We had a pretty severe thunderstorm coming through last night and this morning, the P12 is completely unresponsive. I checked all the outlets in the room and they are all working fine. I reset the breaker at the box just in case.
Turning the master switch off and on on the P12 doesn’t do anything. Same goes for hitting the white reset on the back next to the master switch.
Look at it this way, the P12 saved you grief by protecting your gear. Which likely would have been torched. I don’t use a P12 myself, but I thank those who designed and built my Furman SPR-20i every time a super cell passes over my domicle in Chicago. Betting it’s the fuse as RonP and kclarity suggest.
I think it’s indeed the fuse… no reading on the multimeter.
Luckily, this was the stock fuse, so a perfect opportunity to change it out to a Synergistic Orange (was planning to order one eventually… this just pushed that time table up a bit)

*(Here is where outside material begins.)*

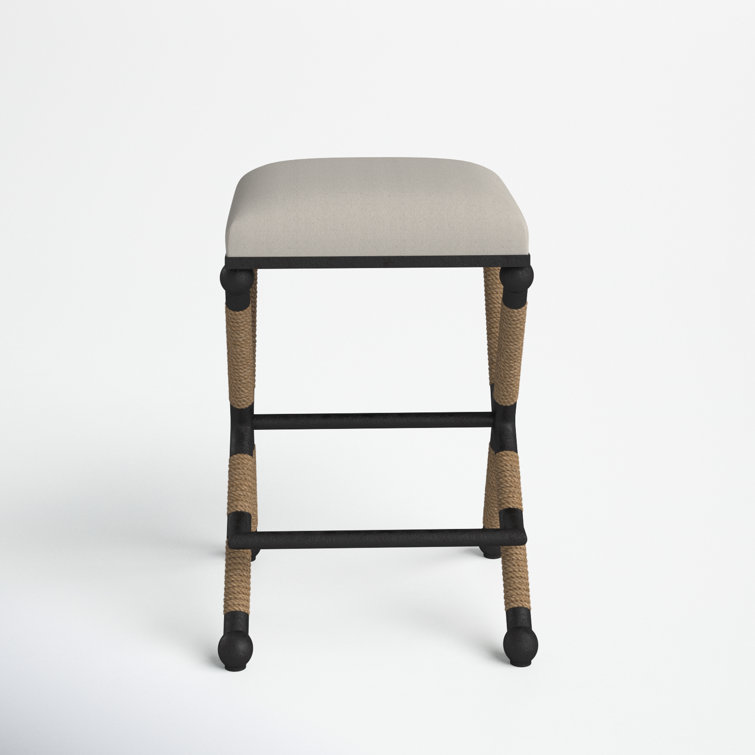 Oatmeal Upholstered Backless Iron Frame Counter Stool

This is exactly why it is important to have the correct value fuse installed. If you had substituted a fuse of a higher rating there is a good chance the transformer on the power plant and possible circuitry past it. I see people running 2 amp fuses when the device calls for 1.6 amp. I guess they are willing to gamble.
Actually, you can run a slightly larger audiophile fuse, but check with Paul in advance. Stock fuses are cheap, stock sizing makes sense in those cases.
You can do that if you are willing to gamble. If it fails to protect the transformer a manufacturer could choose to void the warranty. Any fuse that sells for big bucks most certainly be accurate in value. If they don’t offer the correct value choose to be on the safe side and avoid the fuse.
Paul McGowan approved my use of a one size higher slow blow fuse in my P12 and P5. I asked him upfront before installing. I’ve obtained similar approvals from other manufacturers.
Other manufacturers have declined, requiring the exact spec fuse.
And when I had one, he also approved a DS Jr. upsized fuse (he approved 1.25a, versus 1a).